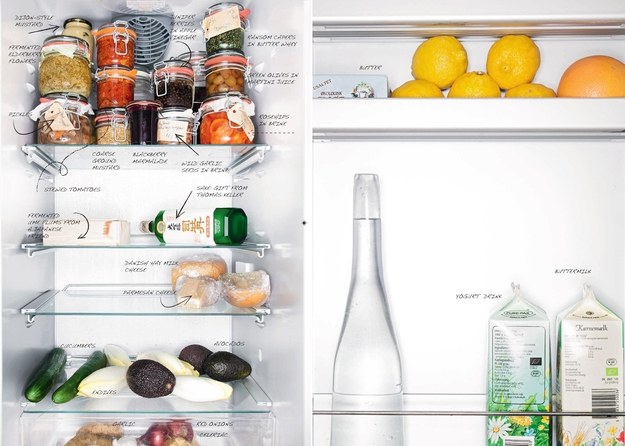 Ten Refrigerators that Inspire Healthy Eating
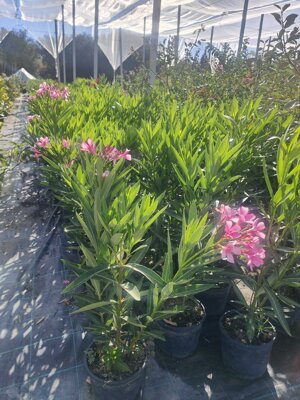 oleandro-nerium-olender-vaso-18-rosso-rosa-bianco-h-6080-cm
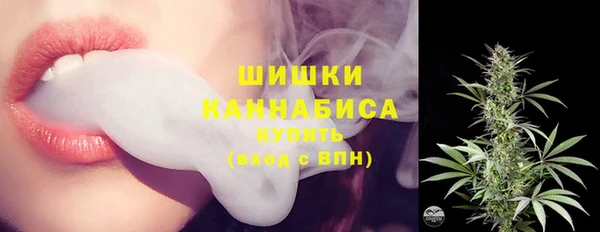 прущая мука Дмитриев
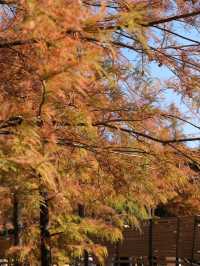 🍁【蓮花山公園紅葉秘境:陽光下的醉人秋色】🌞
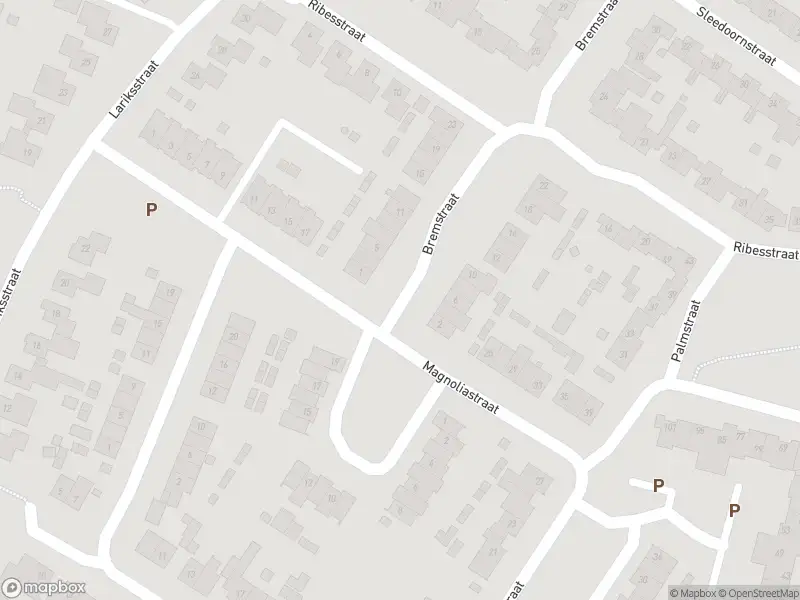 Overlastmelding Bremstraat in Echt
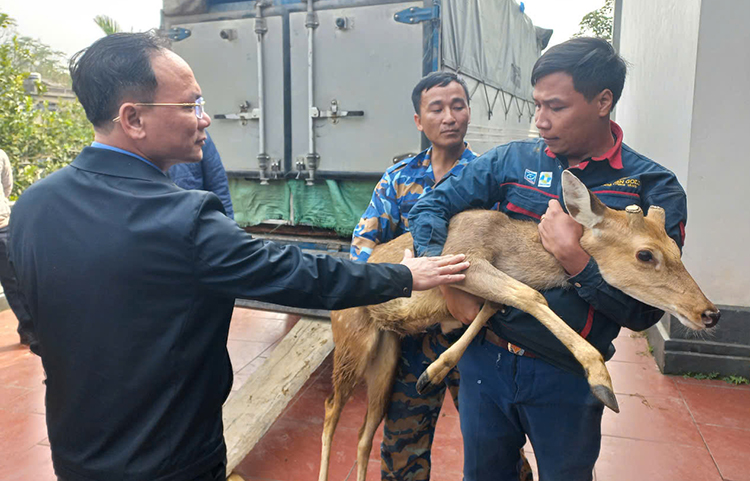 ប្រគល់​សត្វ​ក្តាន់​ប្រទះ​ឃើញ​ស្រមោច​វល្លិ៍ ជួយ​គ្រួសារ​រួច​ផុត​ពី​ភាព​ក្រីក្រ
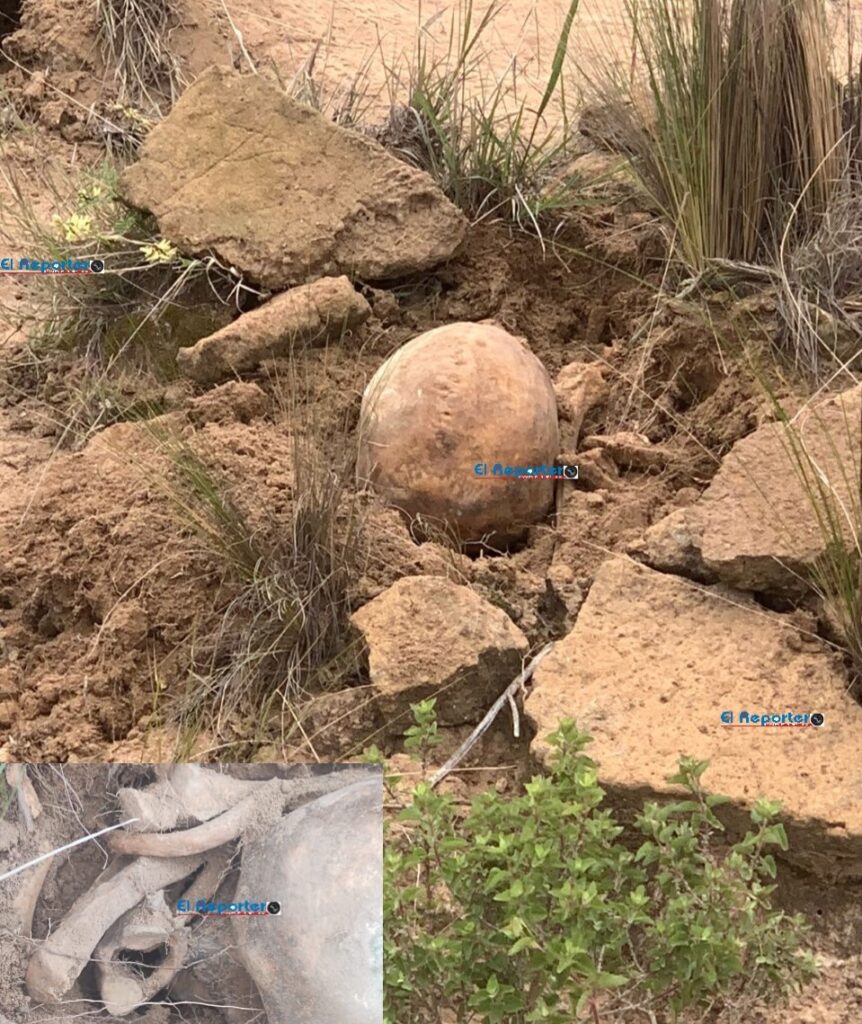 Pastorcitos realizan macabro hallazgo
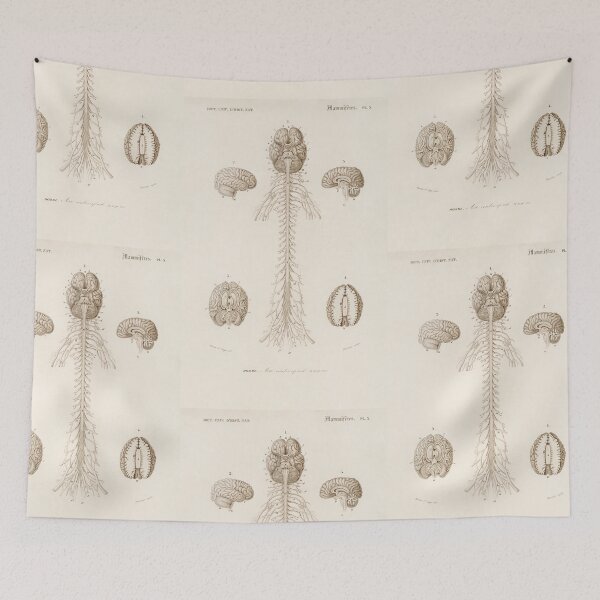 Item preview, Brain and nervous system vintage anatomical illustration  designed and sold by Vintage Designs +.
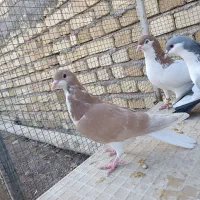 کبوتر|پرنده|دشتابی, |دیوار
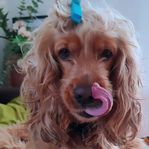 Engelsk Cockerspaniel valpar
====
▶ _TASK_
Return the records above verbatim, leaving out images.

▶ _REPLY TO THE TASK_
 Ten Refrigerators that Inspire Healthy Eating
 oleandro-nerium-olender-vaso-18-rosso-rosa-bianco-h-6080-cm
 прущая мука Дмитриев
 🍁【蓮花山公園紅葉秘境:陽光下的醉人秋色】🌞
 Overlastmelding Bremstraat in Echt
 ប្រគល់​សត្វ​ក្តាន់​ប្រទះ​ឃើញ​ស្រមោច​វល្លិ៍ ជួយ​គ្រួសារ​រួច​ផុត​ពី​ភាព​ក្រីក្រ
 Pastorcitos realizan macabro hallazgo
 Item preview, Brain and nervous system vintage anatomical illustration  designed and sold by Vintage Designs +.
 کبوتر|پرنده|دشتابی, |دیوار
 Engelsk Cockerspaniel valpar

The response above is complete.